My Sears electric typewriter and I began law practice together 34 years ago. But a few months after I was admitted to the Bar, I discovered a new machine. It was a dictaphone, a desk-top tape recording device that enabled me to dictate my letters that were then transcribed by my very own secretary. This made me feel very powerful. I felt like Perry Mason with Della Street.
My wonderful Sears electric typewriter began to gather dust, and at some point, it disappeared.
I have no idea what happened to it. I can’t recall having a yard sale. I just know at some point long after I became a husband and then a father, I could no longer find my old Sears electric typewriter.
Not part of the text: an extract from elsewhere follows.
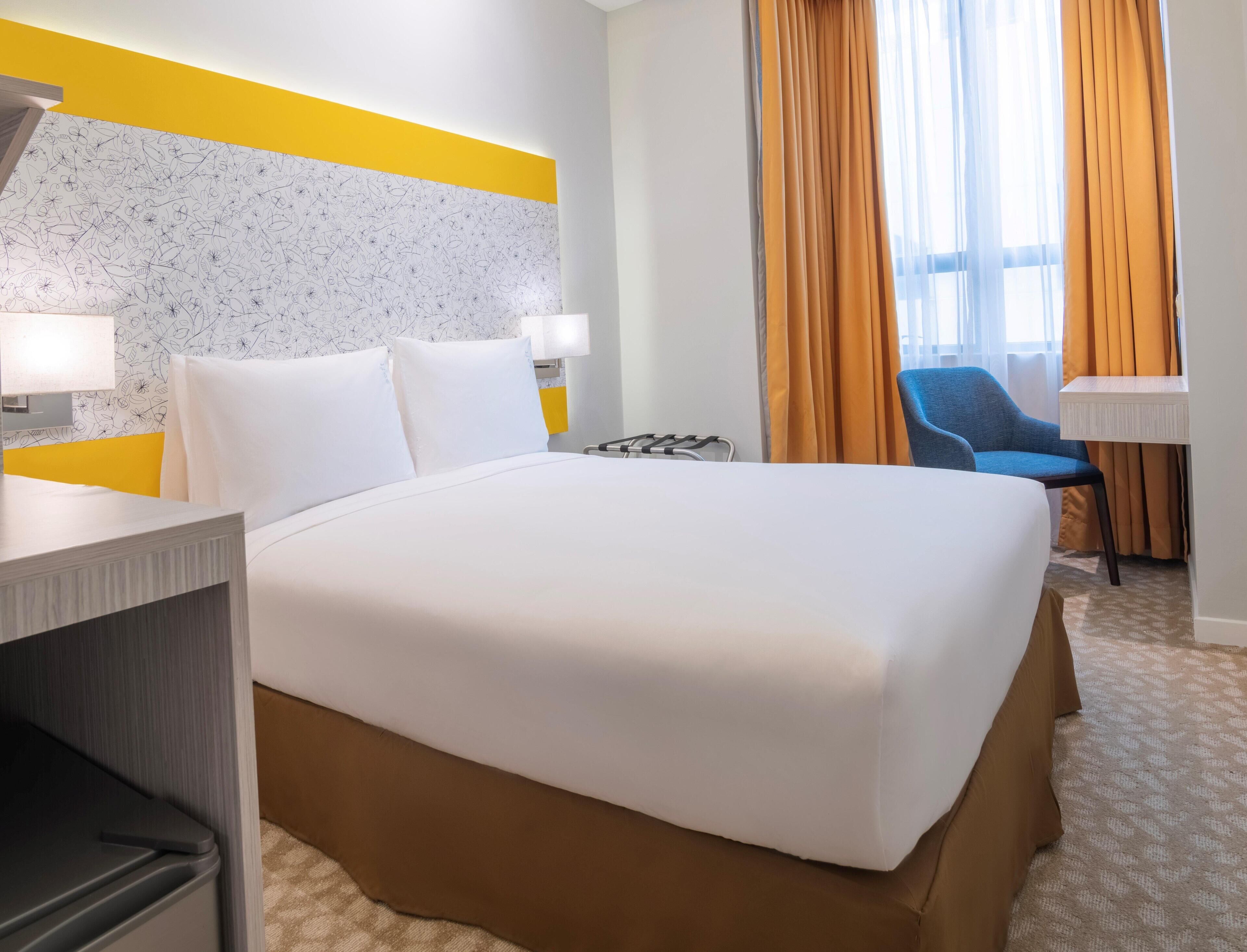 A hotel room with a large bed, two bedside tables, a desk, a chair, and a window with curtains.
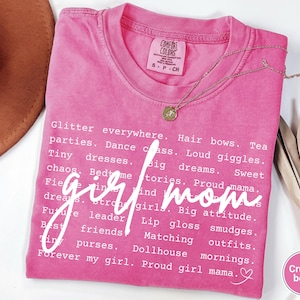 May include: A pink Comfort Colors t-shirt with the words "girl mom" in white script. The shirt features a list of related words like "glitter," "dreams," and "proud mama." A gold necklace with a pendant is draped on the shirt.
And then a few years ago, I began to notice something. In the words of that noted stenographer Yogi Berra, it was déjà vu all over again. With the advent of email, I was suddenly required to type again. I couldn’t use my dictaphone to compose a response to an email. I was once again staring at a keyboard and pounding out a response, although I wasn’t nearly as fast as I was in the days when I could play my Sears electric typewriter like Vladimir Horowitz played his Steinway.
Not long ago, I got one of those fancy “smart phones,”which as it turns out, is a lot smarter than I am. And suddenly I was typing on the world’s smallest keyboard inside my phone. This was not easy inasmuch as you must have hands the size of a flea to effectively type on a smart phone keyboard.
And so, I am back to typing again. I am a 60-year-old nerdy lawyer pounding out legal pleadings and memoranda and letters on a keyboard designed for Tom Thumb.
It makes me wish I still had my Sears electric typewriter. Hey, has anybody seen a copy of the Sears & Roebuck catalog lately?
BILL HALTOM is a partner with the Memphis firm of Thomason, Hendrix, Harvey, Johnson & Mitchell. He is past president of the Tennessee Bar Association and is a past president of the Memphis Bar Association.